(Short descriptive text snippets)
########################################
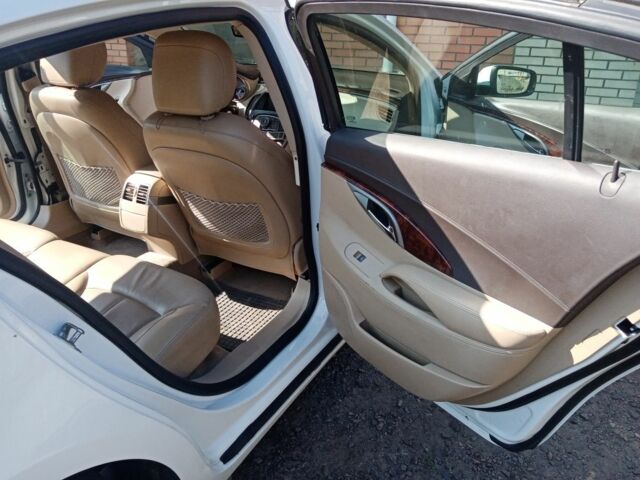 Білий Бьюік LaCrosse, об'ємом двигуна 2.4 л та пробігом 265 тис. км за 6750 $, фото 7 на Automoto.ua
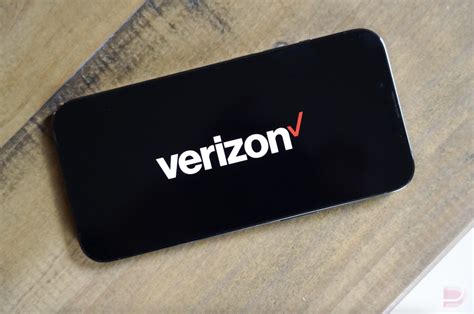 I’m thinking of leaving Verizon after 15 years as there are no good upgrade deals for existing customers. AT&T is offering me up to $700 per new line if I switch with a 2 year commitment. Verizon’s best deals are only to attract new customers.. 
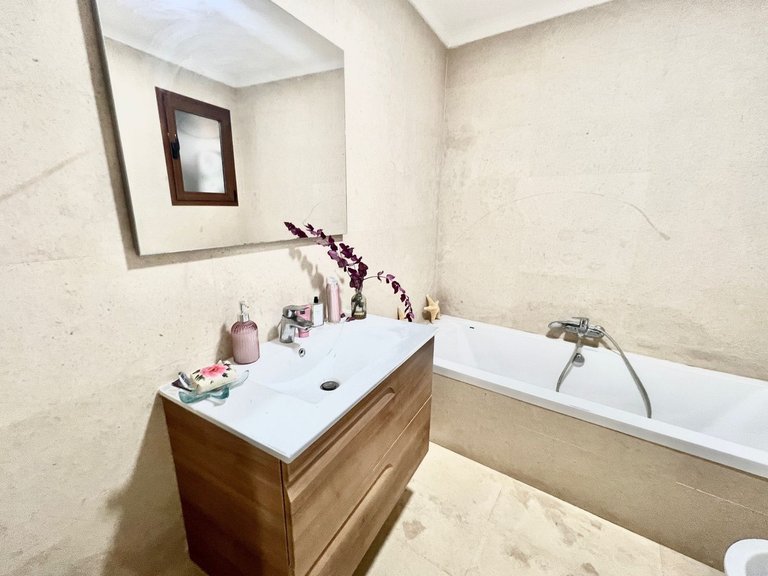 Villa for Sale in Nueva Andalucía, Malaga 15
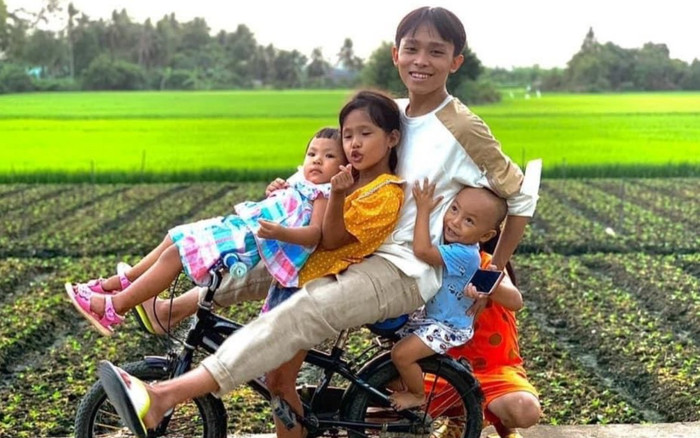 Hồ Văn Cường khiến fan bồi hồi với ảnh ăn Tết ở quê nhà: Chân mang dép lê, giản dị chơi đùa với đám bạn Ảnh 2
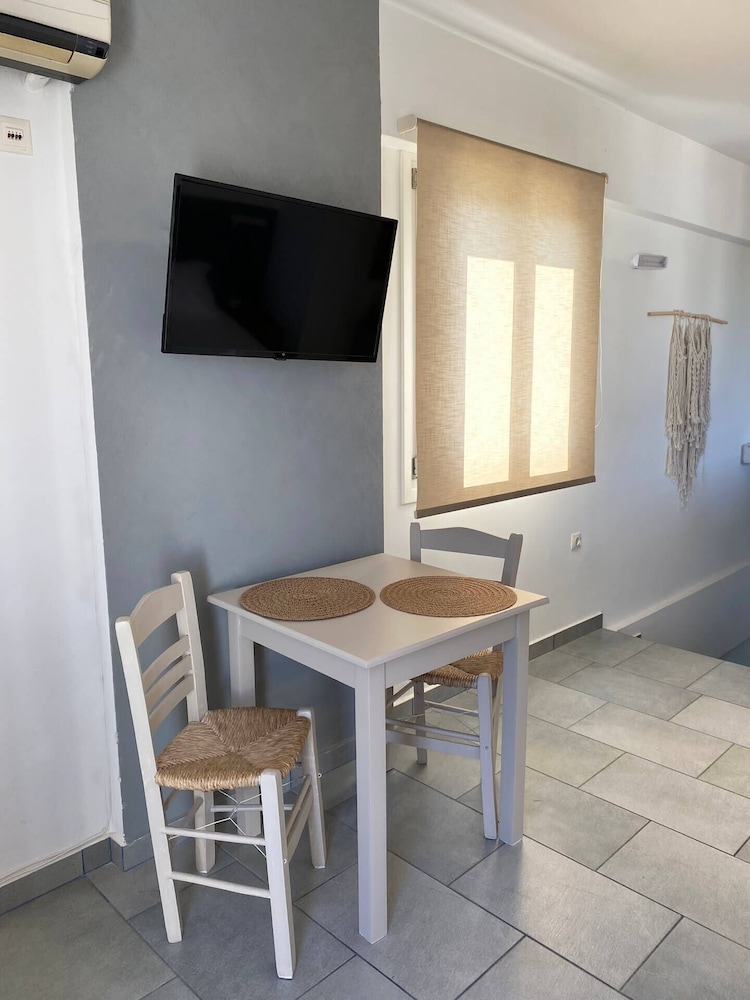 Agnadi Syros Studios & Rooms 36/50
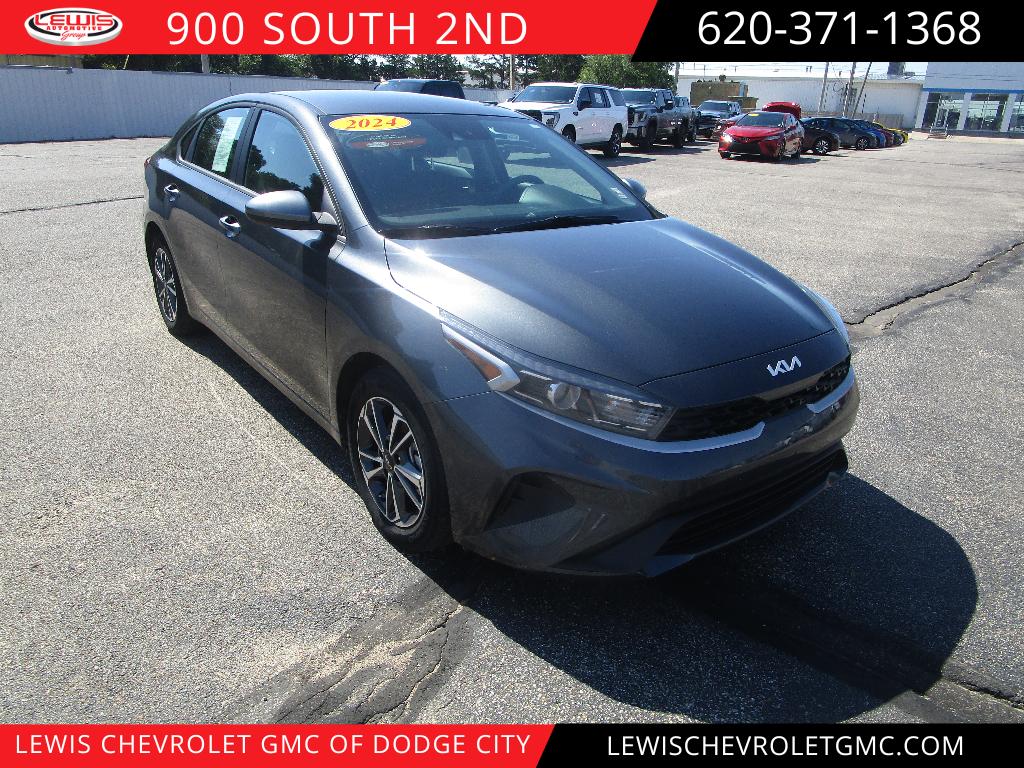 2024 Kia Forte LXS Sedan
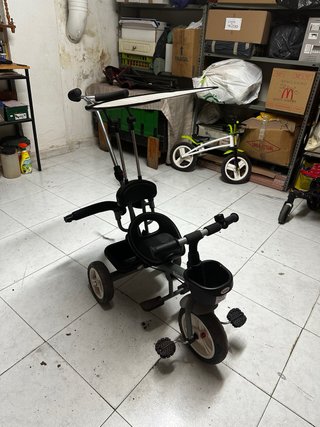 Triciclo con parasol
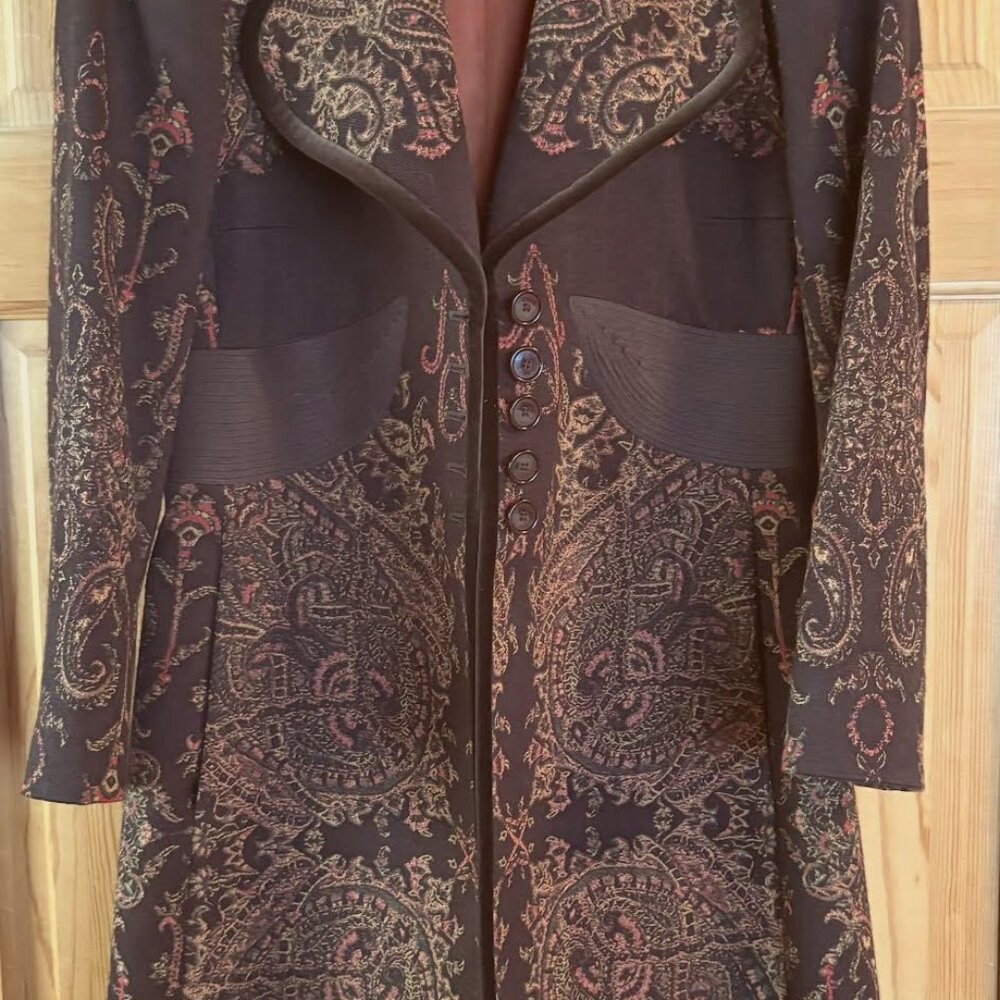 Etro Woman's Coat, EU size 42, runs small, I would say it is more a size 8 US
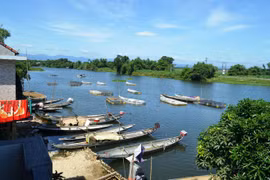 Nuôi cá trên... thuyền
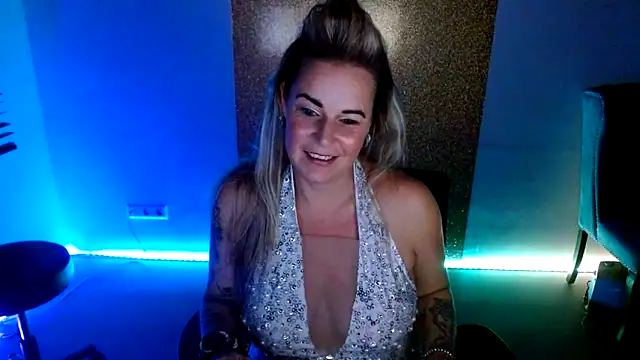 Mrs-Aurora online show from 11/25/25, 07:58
########################################
_TASK GOAL_. With pictures omitted, restate word for word every line above from the one containing "Triciclo con parasol" to the end of the entries.

_ANSWER TO THIS TASK_.
 Triciclo con parasol
 Etro Woman's Coat, EU size 42, runs small, I would say it is more a size 8 US
 Nuôi cá trên... thuyền
 Mrs-Aurora online show from 11/25/25, 07:58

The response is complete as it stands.